No entanto, por mais fundamental que seja o ato de evocação — pois ele forma a base de tudo o que o homem aprenderá sobre si próprio no decorrer da história — ele não é, em si, um ato de cognição. A ironia socrática a respeito da ignorância tornou-se a instância paradigmática quanto à conscientização desse ponto cego no centro de todo o conhecimento humano sobre o homem. No centro de sua existência, o homem é desconhecido para si mesmo e deve permanecer assim, pois a parte do ser que se autodenomina homem só poderia ser conhecida plenamente se a comunidade do ser e seu drama no tempo fossem conhecidos como um todo.

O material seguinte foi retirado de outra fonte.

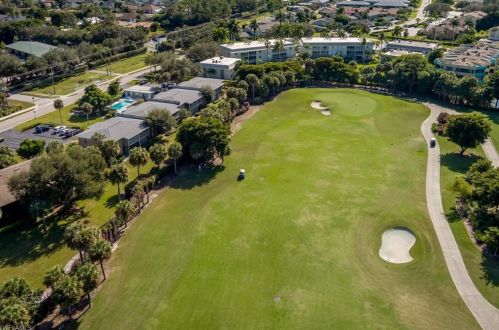 221 Cypress Way, Naples FL 34110-1229 exterior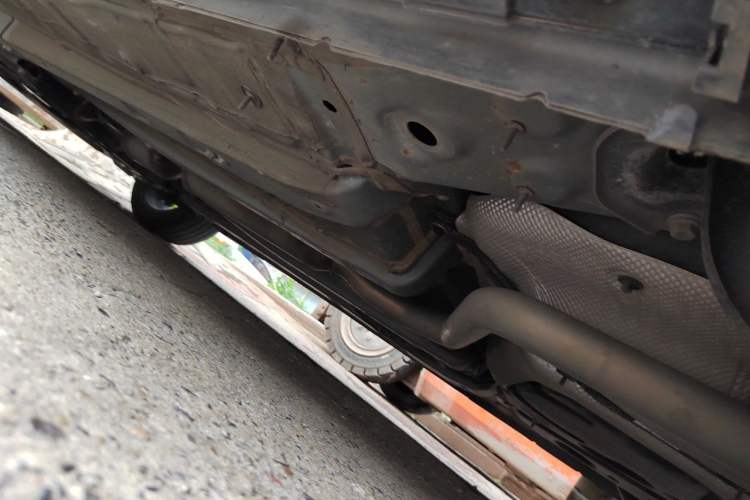 Used Chery Arrizo 8 2022 1.6T DCT Elite Chassis Rear Left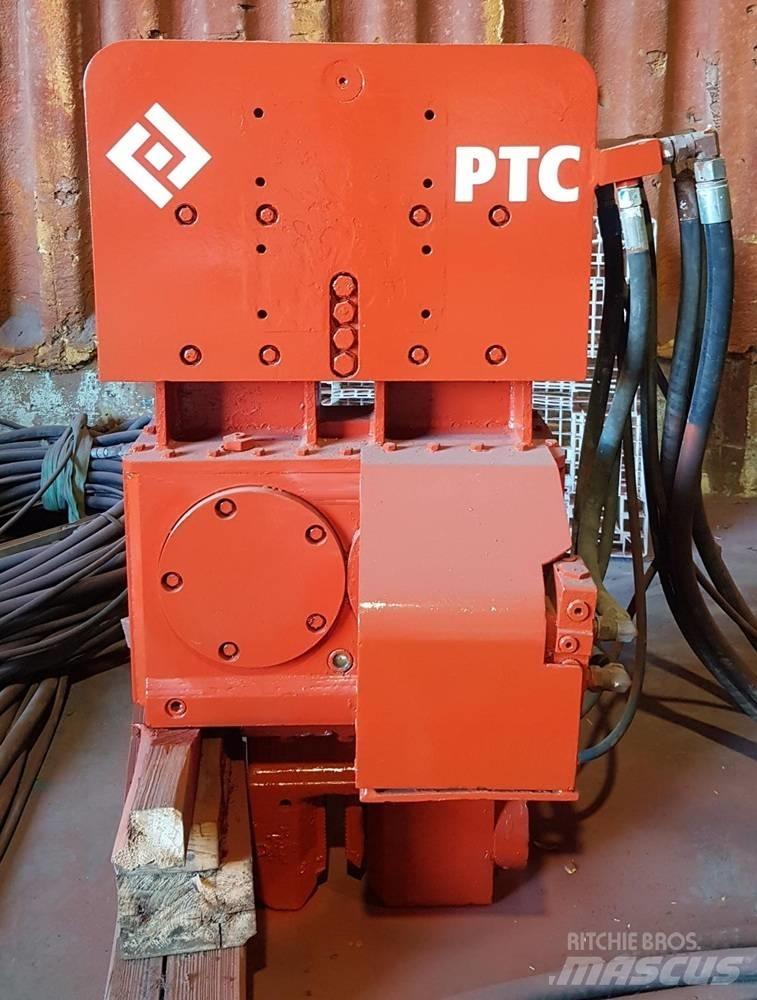  PTC 7 HF4 진동 파일 드라이버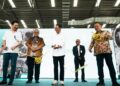 Industri penerbangan di Batam memasuki babak baru dengan diresmikannya Batam Aero Engine (BAE) di Kawasan Ekonomi Khusus (KEK) Batam Aero Technic, Rabu (19/08/26).
Foto: BP Batam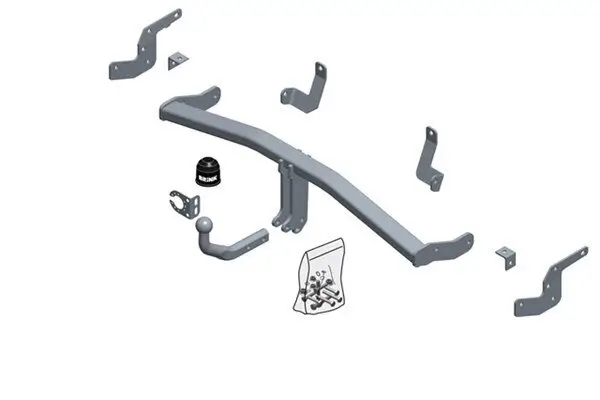 Anhängevorrichtung BRINK 650100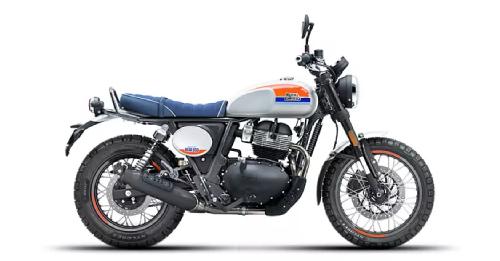 Royal Enfield Bear 650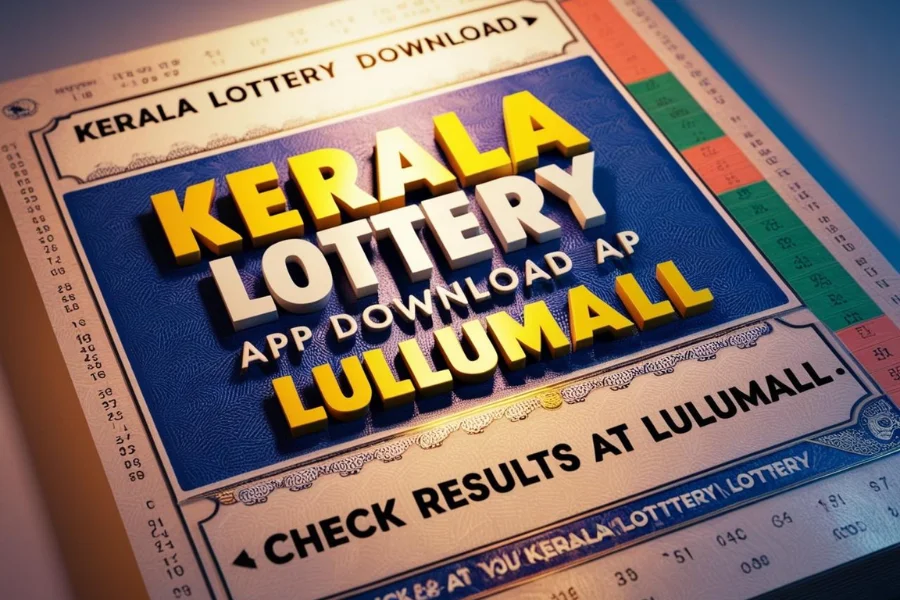 Kerala Lottery App Download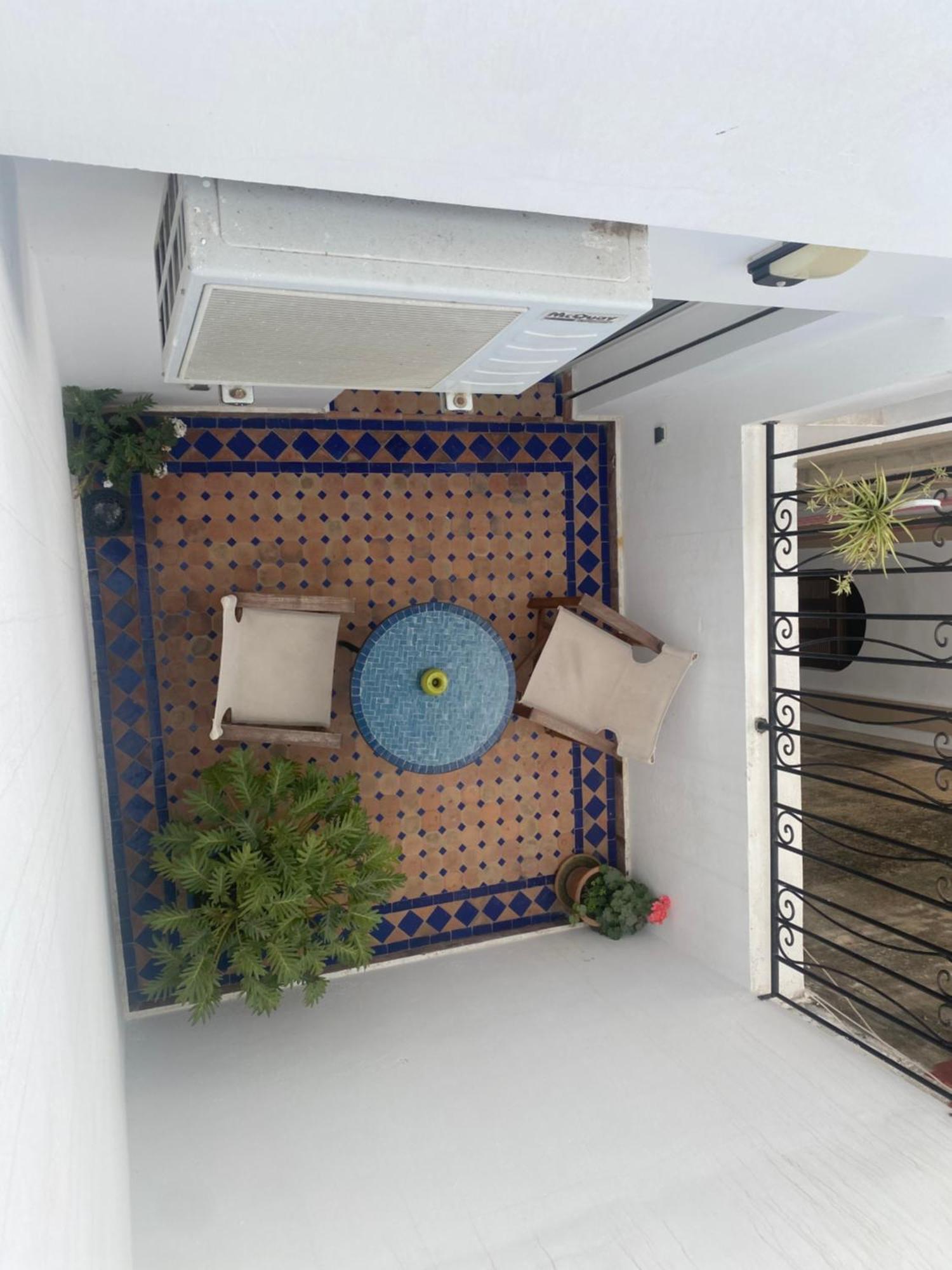 Dar Sami, Riad Bab Kasbah Tanger Kültér fotó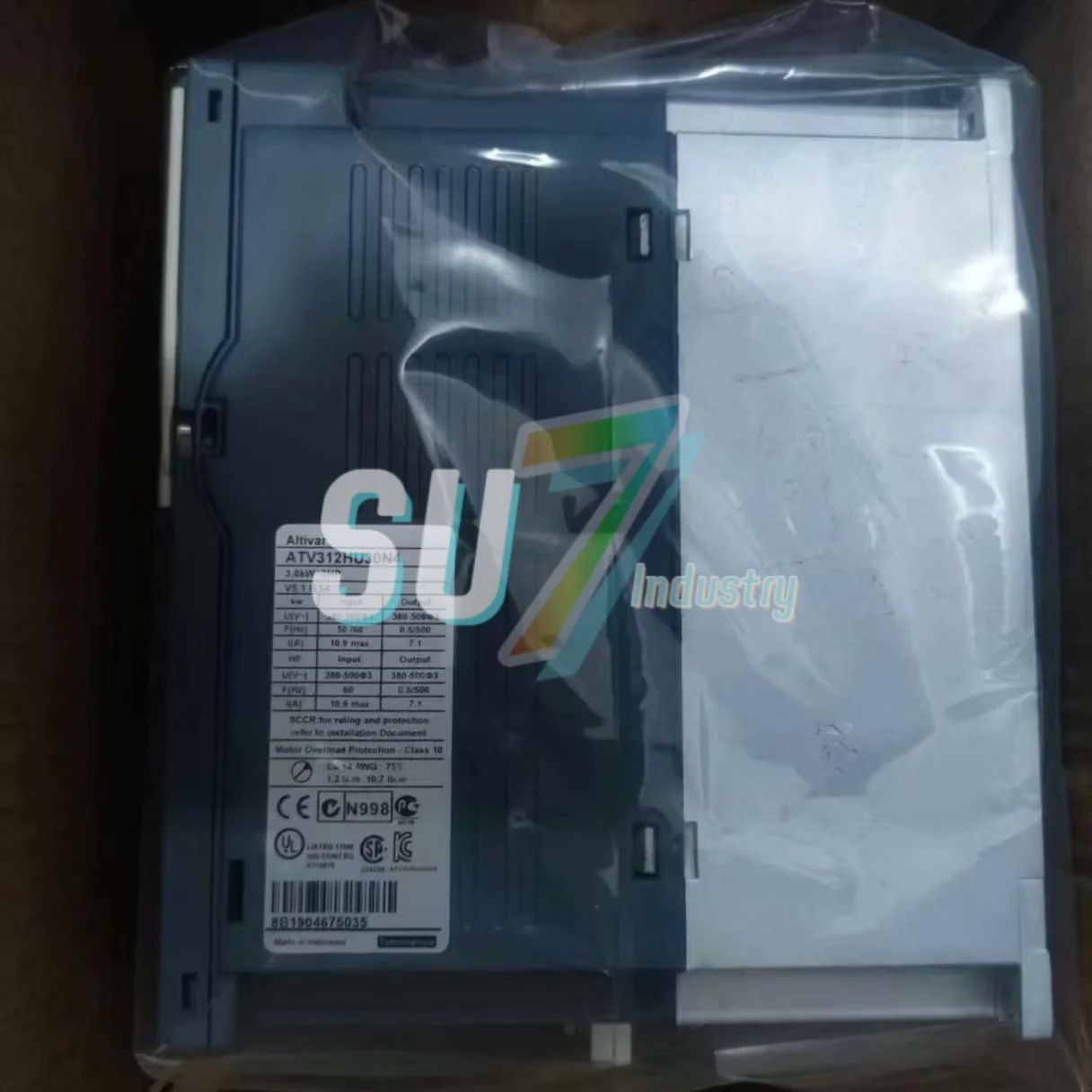 ATV312HU30N4 인버터 새로운 원본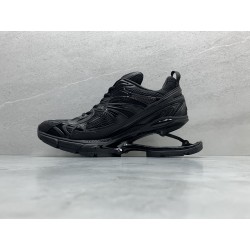 GT Balenciaga X-pander Sneaker Black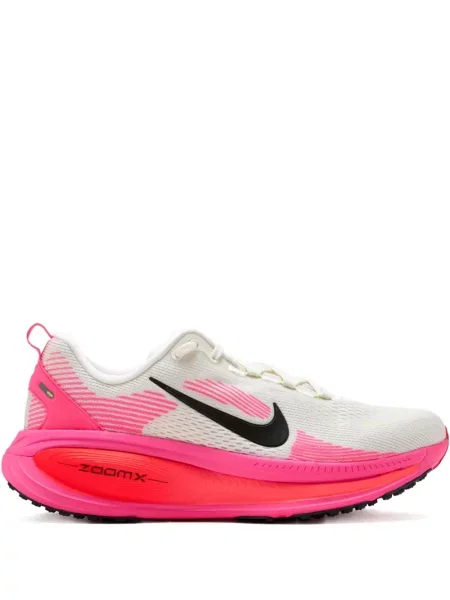 Sneakerși Nike Metcon din piele de căprioară alergare cu platformă alb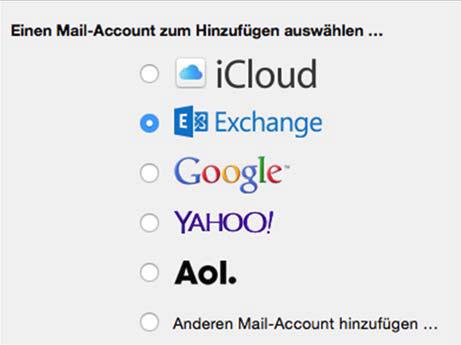 Mailing mittels eines aufs Mailing spezialisierten Programms (Apple Mail) kein
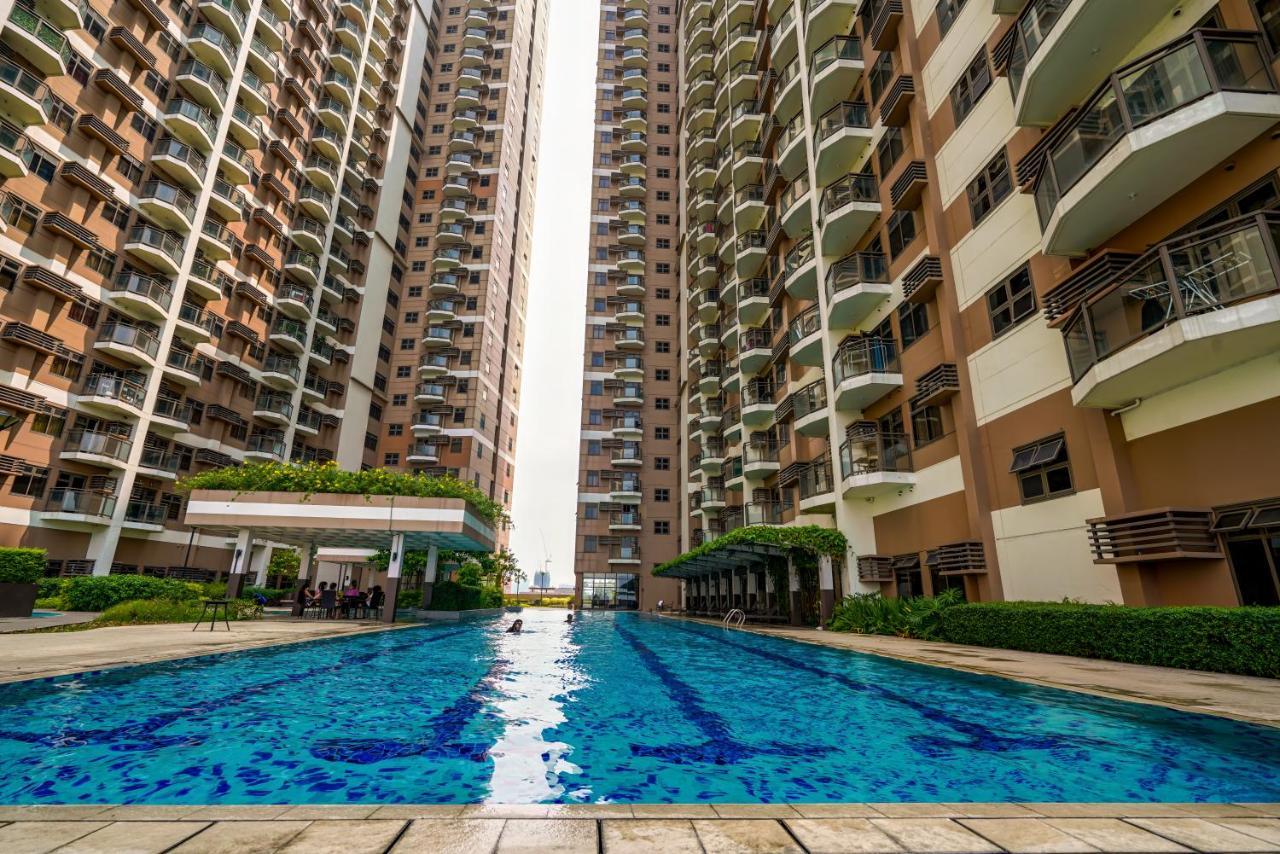 The Radiance Manila Bay Studio מראה חיצוני תמונה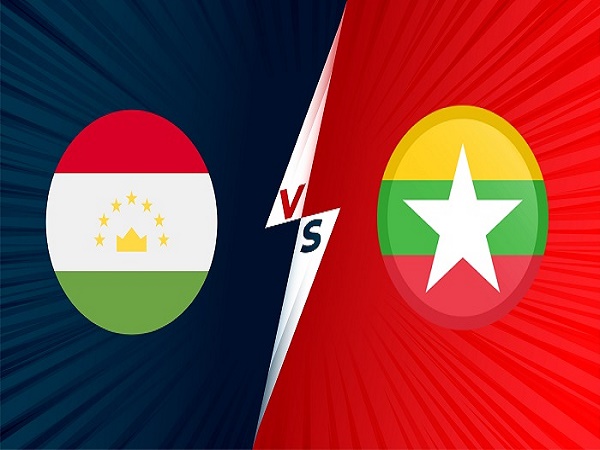 Soi kèo Tajikistan vs Myanmar – 17h25 15/06/2021, VL World Cup 2022
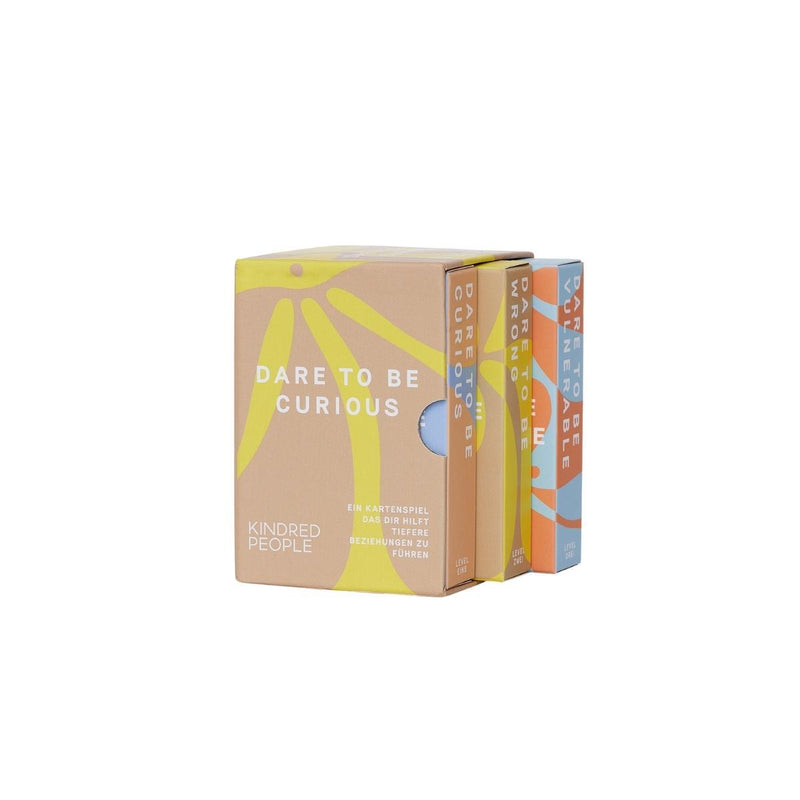 Kindred Kartenspiel als Geschenk | MERSOR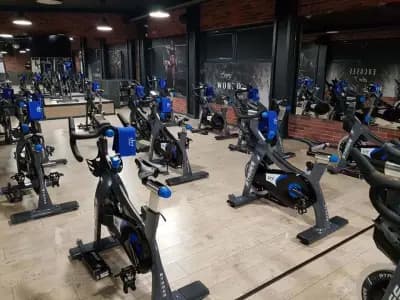 City Group Fitness Club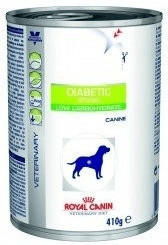 Royal Canin Veterinary Diabetic Special Low Carbohydrate 195g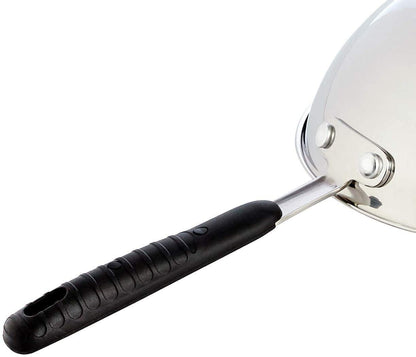 Amazon Basics Brat- & Wokpfannen Set Antihaft Induktion - 3-tlg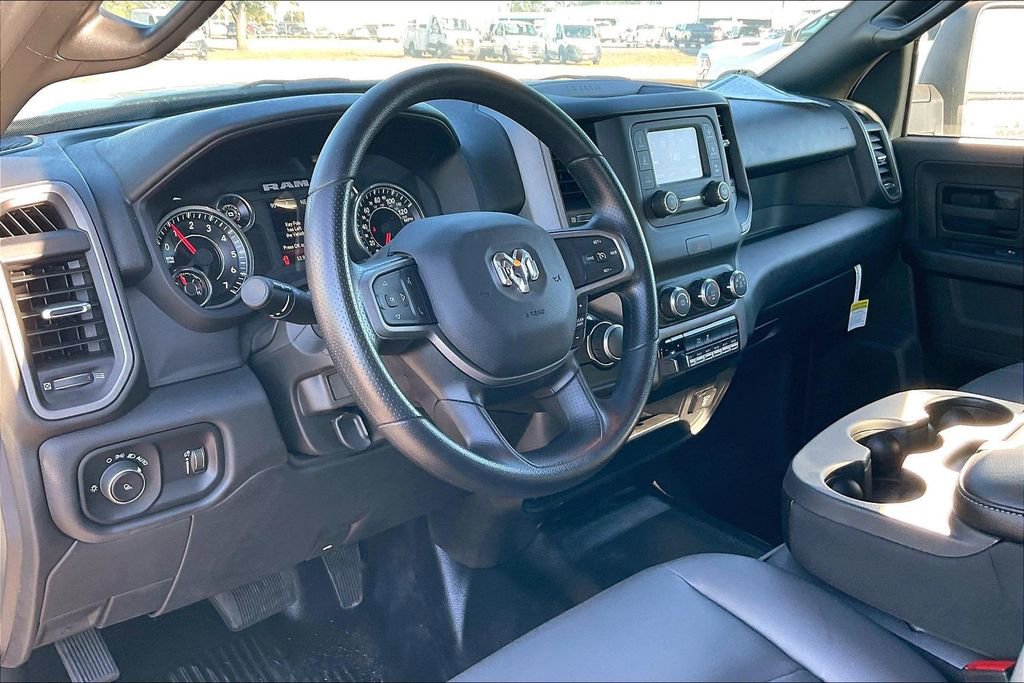New 2024 RAM 2500 Tradesman image 5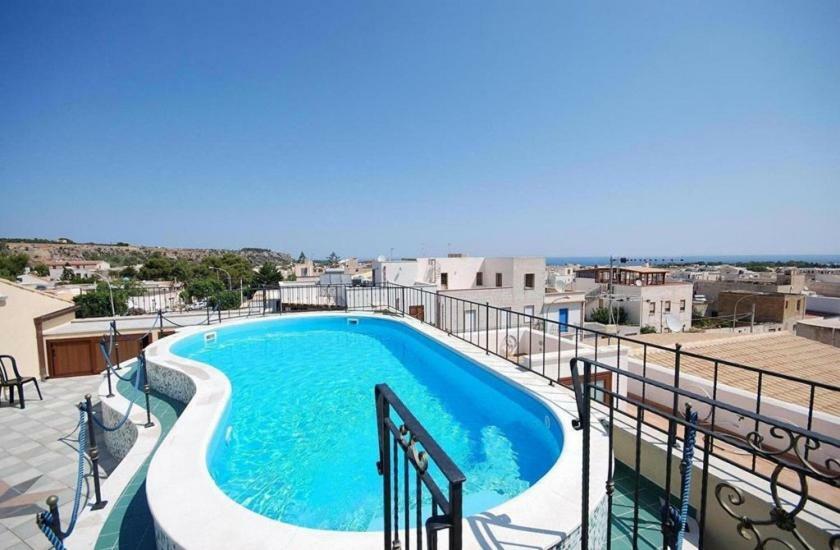 Blue Sea B&B San Vito Lo Capo Luaran gambar
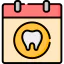 Calendar icon 64x64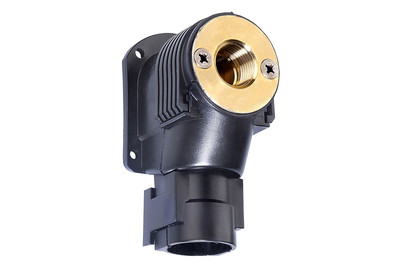 Image of VRS S-Anschlussdose 1/2'' IG x 3/4'' AG bei JUMBO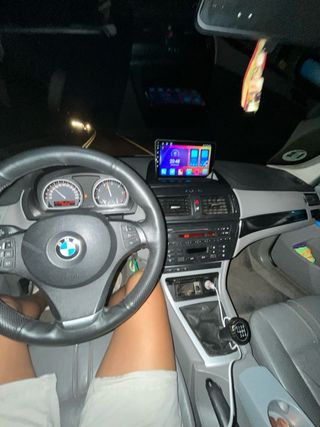 BMW X3 2007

A parceria do homem no ser é a essência de sua existência, e essa essência depende do todo, do qual a existência é uma parte. O conhecimento do todo, entretanto, é impedido pela identidade do conhecedor com o parceiro, e a ignorância do todo impede o conhecimento essencial da parte. Essa situação de ignorância com relação ao núcleo decisivo da existência é mais do que desconcertante: Ela é profundamente perturbadora, pois da profundidade dessa ignorância suprema brota a ansiedade da existência.
A ignorância essencial e última não é uma ignorância completa. O homem pode alcançar um conhecimento considerável sobre a ordem do ser, e uma parte importante desse conhecimento é a distinção entre o conhecível e o incognoscível. Essa conquista, no entanto, chega tarde no longo e demorado processo de experiência e simbolização que constitui o tema do presente estudo.
A preocupação do homem com o significado de sua existência no campo do ser não permanece reprimida nas torturas da ansiedade, mas pode se manifestar na criação de símbolos que pretendem tornar inteligíveis as relações e tensões entre os termos distinguíveis do campo.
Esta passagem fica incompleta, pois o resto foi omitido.